### What the task asks:
Every line from the line containing "Aromasong Magnesium Flakes" through the final line below is to be repeated exactly; no other line is.

### Given information:
- - - - -
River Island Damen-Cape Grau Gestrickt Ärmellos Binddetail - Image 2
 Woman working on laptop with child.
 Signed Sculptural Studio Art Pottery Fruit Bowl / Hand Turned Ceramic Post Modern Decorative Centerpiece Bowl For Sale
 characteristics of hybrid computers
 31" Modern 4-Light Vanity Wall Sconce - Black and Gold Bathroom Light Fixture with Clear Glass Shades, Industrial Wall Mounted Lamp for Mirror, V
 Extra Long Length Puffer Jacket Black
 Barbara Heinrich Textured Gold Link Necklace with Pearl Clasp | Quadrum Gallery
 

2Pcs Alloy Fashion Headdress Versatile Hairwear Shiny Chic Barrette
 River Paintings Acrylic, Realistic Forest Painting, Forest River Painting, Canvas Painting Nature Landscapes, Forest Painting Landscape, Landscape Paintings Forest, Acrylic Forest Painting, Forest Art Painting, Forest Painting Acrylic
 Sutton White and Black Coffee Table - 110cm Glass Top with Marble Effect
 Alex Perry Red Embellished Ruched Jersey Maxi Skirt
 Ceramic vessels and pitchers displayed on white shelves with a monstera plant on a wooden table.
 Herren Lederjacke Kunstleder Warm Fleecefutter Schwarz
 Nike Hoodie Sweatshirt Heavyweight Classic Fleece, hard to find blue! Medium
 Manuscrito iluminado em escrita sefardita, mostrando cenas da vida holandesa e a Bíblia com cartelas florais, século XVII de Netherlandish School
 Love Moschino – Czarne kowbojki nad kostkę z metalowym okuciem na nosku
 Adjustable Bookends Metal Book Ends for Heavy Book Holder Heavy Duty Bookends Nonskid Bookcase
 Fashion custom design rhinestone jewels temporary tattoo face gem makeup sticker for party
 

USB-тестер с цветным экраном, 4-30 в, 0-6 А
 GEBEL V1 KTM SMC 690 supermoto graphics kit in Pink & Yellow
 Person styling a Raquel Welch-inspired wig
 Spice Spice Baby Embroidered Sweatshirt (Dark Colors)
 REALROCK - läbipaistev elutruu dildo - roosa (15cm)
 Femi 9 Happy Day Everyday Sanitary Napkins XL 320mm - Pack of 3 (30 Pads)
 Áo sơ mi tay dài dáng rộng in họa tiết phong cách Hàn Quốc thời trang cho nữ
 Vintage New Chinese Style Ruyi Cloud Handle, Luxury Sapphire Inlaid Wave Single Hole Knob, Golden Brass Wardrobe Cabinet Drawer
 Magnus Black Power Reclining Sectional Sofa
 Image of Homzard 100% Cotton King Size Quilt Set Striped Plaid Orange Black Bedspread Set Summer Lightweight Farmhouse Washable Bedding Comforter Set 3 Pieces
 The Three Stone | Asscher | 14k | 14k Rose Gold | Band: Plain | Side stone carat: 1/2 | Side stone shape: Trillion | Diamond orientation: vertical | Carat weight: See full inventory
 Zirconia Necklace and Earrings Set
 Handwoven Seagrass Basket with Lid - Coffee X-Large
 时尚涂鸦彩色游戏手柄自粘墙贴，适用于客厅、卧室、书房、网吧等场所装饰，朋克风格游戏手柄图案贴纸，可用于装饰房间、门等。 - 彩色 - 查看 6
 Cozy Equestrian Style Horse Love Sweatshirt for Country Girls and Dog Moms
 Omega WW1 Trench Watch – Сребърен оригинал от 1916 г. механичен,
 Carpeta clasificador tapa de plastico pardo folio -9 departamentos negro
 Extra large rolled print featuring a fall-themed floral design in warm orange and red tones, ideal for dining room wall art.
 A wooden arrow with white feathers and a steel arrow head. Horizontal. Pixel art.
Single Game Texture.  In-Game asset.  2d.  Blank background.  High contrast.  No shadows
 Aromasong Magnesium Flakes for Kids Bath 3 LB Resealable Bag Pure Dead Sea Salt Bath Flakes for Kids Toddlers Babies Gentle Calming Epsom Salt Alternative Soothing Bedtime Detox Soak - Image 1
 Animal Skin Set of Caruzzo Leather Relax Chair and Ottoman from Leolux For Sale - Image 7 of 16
- - - - -
### Response to this exercise:
 Aromasong Magnesium Flakes for Kids Bath 3 LB Resealable Bag Pure Dead Sea Salt Bath Flakes for Kids Toddlers Babies Gentle Calming Epsom Salt Alternative Soothing Bedtime Detox Soak - Image 1
 Animal Skin Set of Caruzzo Leather Relax Chair and Ottoman from Leolux For Sale - Image 7 of 16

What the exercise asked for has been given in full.